PROMPT
From the entries below, return exactly the lines beginning at the one that contains "Rectangular vector banners" and ending at the one that contains "Chaus Sky Blue", both of them included, and only those lines.

TASK INPUTS
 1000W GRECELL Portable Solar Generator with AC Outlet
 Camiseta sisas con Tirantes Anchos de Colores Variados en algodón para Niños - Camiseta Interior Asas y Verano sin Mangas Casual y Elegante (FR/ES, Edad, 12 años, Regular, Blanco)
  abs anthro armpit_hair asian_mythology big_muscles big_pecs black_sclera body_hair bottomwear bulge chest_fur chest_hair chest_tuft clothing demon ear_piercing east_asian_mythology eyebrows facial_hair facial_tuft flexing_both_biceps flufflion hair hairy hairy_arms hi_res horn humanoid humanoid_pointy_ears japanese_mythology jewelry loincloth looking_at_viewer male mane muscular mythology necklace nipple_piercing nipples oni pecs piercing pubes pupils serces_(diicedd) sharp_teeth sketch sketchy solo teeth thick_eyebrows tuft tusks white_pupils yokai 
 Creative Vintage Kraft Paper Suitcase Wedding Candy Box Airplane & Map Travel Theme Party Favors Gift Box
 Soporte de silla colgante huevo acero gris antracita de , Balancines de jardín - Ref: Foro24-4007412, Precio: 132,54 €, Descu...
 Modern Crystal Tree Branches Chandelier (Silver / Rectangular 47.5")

==

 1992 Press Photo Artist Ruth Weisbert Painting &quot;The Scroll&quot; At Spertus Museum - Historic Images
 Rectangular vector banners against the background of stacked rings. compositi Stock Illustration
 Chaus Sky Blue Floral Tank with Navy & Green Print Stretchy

EXPECTED OUTPUT
 Rectangular vector banners against the background of stacked rings. compositi Stock Illustration
 Chaus Sky Blue Floral Tank with Navy & Green Print Stretchy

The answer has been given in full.